For example, let us assume that pollinator abundance is caused by flower abundance, temperature, and some unknown factors. Similarly, let us assume that flower abundance is caused by water availability, temperature, and a subset of the same unknown factors. Then, in a multivariate regression model that includes all factors (except for the unknown) as potential explanations of pollinator abundance, it is likely that water availability will have a strong explanatory effect over pollinator abundance (even though we are conditioning over flower abundance).
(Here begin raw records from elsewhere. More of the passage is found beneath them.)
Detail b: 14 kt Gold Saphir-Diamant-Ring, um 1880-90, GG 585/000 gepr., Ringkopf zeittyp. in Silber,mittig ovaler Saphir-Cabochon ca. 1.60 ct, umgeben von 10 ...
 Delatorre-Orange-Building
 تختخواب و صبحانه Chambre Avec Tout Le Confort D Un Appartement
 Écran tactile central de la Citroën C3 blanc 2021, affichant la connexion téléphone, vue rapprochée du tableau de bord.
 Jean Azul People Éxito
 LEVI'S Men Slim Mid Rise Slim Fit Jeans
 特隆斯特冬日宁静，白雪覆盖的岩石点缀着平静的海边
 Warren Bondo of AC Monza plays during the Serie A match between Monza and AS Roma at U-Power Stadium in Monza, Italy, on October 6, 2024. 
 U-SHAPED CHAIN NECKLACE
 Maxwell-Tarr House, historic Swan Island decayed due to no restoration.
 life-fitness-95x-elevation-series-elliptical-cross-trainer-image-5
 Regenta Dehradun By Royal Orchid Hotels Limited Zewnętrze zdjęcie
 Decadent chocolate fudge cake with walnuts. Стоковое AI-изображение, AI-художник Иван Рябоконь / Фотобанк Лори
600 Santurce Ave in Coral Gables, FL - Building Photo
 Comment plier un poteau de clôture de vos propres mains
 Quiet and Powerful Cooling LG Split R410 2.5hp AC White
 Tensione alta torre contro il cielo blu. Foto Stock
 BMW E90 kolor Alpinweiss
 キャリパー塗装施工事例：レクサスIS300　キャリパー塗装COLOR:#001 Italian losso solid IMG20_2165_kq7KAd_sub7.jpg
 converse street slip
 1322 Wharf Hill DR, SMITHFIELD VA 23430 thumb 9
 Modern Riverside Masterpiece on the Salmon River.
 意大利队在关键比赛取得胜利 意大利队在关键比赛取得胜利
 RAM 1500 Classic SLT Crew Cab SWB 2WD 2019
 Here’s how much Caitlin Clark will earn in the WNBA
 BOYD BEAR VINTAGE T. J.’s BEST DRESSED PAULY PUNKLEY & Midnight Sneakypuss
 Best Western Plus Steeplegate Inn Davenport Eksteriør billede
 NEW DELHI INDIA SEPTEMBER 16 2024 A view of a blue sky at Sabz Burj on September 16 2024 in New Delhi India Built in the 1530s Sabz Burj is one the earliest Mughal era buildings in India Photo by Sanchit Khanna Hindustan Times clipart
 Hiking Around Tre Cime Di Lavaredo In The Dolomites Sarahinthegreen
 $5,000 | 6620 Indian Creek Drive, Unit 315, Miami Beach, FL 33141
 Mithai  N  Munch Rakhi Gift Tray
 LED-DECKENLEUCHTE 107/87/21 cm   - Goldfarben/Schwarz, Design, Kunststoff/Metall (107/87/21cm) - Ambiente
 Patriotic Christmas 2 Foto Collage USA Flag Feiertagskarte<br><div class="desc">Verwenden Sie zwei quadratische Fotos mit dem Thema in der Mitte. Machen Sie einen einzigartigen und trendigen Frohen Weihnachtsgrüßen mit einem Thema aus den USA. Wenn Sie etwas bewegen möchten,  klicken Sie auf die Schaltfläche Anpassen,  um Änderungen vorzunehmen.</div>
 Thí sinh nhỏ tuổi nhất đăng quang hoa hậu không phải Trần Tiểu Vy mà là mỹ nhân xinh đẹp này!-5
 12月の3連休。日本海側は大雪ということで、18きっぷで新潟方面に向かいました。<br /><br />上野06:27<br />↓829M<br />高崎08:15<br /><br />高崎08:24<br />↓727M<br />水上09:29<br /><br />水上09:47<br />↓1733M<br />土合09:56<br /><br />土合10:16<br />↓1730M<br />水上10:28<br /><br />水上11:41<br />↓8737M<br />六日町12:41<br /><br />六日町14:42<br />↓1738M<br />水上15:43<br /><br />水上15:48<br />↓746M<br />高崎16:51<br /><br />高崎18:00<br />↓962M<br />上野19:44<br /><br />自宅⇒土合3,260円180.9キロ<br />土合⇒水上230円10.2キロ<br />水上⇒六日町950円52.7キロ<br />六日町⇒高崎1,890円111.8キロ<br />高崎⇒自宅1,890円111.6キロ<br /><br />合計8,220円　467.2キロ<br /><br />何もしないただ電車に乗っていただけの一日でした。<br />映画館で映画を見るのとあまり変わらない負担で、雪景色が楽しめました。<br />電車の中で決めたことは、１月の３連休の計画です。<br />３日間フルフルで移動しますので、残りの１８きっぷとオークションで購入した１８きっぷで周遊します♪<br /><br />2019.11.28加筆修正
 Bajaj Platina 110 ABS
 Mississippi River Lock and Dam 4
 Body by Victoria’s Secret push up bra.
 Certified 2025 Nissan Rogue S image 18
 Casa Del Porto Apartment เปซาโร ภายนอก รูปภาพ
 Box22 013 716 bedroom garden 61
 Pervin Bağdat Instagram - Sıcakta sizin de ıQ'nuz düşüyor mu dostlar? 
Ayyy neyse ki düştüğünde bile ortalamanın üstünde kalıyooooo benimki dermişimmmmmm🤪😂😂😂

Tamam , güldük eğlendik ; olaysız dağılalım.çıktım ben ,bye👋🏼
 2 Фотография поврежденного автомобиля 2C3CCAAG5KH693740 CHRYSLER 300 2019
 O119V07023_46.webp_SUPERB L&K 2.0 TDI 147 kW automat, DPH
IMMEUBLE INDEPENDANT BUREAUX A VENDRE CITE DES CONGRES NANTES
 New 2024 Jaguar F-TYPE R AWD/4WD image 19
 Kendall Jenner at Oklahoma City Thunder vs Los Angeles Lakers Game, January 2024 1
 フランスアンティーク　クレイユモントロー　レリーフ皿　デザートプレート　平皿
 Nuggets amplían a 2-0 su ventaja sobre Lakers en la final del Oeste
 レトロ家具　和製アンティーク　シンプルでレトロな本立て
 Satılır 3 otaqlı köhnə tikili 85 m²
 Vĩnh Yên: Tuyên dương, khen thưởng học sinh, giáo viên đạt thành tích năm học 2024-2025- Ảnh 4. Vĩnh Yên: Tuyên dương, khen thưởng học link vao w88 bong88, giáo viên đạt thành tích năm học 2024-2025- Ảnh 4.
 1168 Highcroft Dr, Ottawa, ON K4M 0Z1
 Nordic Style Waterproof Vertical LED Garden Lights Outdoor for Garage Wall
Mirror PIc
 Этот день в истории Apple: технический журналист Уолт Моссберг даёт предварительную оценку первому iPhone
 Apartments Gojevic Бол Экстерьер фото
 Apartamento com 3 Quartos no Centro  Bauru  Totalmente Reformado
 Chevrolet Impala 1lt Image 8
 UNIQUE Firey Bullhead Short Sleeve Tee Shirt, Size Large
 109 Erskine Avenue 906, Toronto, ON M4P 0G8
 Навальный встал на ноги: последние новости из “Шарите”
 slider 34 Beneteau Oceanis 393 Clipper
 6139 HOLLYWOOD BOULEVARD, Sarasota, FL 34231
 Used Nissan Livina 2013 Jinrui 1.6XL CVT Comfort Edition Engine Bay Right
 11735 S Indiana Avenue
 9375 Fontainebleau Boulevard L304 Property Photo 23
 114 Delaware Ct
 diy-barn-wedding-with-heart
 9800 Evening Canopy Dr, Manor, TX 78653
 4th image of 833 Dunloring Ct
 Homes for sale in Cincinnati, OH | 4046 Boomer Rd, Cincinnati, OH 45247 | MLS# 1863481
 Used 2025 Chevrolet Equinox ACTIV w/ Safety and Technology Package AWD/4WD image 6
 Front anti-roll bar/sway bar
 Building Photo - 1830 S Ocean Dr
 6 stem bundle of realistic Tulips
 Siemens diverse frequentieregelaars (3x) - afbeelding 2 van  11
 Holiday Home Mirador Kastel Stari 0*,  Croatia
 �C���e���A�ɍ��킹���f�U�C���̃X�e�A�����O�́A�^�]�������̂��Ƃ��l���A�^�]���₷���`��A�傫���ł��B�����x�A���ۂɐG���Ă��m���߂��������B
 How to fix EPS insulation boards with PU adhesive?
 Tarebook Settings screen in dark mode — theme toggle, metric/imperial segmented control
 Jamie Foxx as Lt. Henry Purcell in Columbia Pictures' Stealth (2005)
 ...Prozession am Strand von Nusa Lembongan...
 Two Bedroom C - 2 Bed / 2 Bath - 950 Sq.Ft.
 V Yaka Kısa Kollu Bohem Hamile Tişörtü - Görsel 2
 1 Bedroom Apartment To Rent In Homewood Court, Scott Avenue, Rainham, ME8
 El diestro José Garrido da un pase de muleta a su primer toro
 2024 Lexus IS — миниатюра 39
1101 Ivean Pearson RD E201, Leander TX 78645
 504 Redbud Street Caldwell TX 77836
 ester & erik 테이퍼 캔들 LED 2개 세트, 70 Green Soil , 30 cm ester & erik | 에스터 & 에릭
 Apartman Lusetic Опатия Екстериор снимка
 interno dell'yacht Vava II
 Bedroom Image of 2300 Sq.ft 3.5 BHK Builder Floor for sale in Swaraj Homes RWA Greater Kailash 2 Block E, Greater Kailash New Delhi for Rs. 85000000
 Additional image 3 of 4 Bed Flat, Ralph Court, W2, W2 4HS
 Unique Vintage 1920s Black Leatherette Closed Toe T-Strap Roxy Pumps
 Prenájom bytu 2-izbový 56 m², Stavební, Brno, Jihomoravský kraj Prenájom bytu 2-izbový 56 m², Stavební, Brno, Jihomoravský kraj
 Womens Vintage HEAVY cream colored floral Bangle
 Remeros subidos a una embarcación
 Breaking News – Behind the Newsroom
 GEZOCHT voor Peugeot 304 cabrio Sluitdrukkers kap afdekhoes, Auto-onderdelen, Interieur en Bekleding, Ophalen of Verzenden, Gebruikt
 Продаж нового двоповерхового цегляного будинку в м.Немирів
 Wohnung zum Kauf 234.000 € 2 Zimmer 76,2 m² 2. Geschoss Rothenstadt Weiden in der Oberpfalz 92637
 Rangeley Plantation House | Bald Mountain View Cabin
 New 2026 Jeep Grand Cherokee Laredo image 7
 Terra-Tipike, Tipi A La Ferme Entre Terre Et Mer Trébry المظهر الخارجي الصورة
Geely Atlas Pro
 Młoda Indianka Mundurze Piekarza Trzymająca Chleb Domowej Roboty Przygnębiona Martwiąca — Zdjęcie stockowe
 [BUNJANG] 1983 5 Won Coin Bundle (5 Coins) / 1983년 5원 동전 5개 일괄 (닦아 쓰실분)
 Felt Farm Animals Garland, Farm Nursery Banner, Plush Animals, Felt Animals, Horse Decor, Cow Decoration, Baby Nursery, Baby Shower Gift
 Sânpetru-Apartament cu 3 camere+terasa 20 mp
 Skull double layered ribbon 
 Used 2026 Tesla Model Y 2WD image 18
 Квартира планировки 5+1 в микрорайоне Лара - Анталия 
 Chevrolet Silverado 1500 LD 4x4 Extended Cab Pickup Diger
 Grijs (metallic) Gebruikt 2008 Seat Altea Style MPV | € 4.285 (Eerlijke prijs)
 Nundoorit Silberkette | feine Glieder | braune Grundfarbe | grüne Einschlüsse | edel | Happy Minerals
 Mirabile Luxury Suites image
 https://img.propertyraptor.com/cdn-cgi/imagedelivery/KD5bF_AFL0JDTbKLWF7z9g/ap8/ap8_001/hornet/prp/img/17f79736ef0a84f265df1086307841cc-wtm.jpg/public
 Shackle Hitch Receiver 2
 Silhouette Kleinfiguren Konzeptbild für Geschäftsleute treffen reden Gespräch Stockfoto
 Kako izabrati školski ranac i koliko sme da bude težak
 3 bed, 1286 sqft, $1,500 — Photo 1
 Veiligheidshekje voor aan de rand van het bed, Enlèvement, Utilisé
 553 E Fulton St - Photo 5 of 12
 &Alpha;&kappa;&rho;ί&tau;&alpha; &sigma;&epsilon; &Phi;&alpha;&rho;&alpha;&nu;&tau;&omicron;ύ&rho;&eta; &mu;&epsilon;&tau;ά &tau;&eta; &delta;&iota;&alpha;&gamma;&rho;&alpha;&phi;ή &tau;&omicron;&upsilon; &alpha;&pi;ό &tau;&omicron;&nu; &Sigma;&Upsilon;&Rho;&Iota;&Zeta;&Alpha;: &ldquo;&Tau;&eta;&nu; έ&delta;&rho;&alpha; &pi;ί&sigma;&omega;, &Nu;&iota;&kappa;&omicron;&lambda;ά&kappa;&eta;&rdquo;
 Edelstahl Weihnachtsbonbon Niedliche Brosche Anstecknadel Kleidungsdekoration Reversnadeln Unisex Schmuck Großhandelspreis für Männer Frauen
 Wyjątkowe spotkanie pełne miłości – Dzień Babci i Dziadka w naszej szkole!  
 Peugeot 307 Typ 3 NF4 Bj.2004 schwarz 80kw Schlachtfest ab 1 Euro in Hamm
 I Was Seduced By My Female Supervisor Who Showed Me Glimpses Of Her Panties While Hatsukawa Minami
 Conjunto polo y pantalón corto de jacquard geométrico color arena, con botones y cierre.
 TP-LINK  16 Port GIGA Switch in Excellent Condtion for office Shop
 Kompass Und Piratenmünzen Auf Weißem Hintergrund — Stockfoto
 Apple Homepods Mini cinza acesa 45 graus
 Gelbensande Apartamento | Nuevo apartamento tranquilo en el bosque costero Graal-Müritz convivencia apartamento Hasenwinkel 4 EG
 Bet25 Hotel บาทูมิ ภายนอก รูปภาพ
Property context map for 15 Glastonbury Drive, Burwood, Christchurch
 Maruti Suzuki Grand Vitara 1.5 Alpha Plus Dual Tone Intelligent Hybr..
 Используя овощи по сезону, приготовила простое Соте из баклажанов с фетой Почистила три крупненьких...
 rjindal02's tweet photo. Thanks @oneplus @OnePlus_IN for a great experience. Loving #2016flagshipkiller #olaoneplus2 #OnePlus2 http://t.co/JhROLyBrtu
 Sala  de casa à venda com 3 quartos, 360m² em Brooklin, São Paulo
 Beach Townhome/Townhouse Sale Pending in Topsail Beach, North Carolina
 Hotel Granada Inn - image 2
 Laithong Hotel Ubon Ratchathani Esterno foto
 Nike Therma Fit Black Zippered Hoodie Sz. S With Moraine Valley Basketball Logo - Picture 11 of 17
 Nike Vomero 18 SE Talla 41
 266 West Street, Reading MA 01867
This happens for the reason that flower abundance introduces a selection bias (collider) between water and the unknown factors, which then gets propagated to pollinator abundance following the cause-effect relationships. Note that flower abundance cannot be eliminated from the regression model either, because it is needed to partially block the path between water availability and pollinator abundance. This type of examples also illustrates that prediction is different from explanation [33]. Therefore, to infer cause-effect relationships in this example, it is needed to have more information about the underlying causal story and the corresponding unknown confounding factors. In the next sections, we will discuss how to use synthetic data derived from theoretical models to account for confounding unobserved variables, and then how to generate interventional distributions (knowledge) from observational and synthetic data.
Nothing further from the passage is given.